** Records drawn from a dataset **

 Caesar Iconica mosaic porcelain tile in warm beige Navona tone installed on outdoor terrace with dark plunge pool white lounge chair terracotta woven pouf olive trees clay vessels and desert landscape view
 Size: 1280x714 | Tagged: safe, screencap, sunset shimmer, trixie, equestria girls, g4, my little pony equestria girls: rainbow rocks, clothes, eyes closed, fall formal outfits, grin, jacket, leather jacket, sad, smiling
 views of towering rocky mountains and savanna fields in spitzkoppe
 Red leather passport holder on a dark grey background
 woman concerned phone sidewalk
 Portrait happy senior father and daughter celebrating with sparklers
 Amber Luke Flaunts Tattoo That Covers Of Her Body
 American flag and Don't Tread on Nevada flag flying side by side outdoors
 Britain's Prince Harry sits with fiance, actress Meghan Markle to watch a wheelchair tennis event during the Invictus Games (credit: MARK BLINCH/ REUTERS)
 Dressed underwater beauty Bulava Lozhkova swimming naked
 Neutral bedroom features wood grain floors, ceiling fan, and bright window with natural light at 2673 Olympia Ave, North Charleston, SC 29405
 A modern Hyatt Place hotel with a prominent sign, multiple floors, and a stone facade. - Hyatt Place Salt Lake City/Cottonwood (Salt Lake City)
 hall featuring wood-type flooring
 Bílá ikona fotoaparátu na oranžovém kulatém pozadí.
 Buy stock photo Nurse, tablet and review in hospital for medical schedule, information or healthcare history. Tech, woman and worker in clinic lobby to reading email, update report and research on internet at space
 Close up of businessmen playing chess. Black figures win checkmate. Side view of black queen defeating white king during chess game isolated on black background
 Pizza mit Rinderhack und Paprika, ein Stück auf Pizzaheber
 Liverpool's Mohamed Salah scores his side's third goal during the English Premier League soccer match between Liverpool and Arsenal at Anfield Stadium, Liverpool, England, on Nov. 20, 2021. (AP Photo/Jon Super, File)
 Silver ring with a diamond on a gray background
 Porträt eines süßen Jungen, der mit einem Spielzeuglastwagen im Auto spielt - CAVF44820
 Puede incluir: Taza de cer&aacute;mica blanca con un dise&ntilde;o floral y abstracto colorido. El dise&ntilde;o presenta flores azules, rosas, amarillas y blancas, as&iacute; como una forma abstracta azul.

** Task requirements **
Word for word, restate the lines of the data above that fall between the line holding "Neutral bedroom features" and the line holding "A modern Hyatt", inclusive, and no other lines.

** Answer section **
 Neutral bedroom features wood grain floors, ceiling fan, and bright window with natural light at 2673 Olympia Ave, North Charleston, SC 29405
 A modern Hyatt Place hotel with a prominent sign, multiple floors, and a stone facade. - Hyatt Place Salt Lake City/Cottonwood (Salt Lake City)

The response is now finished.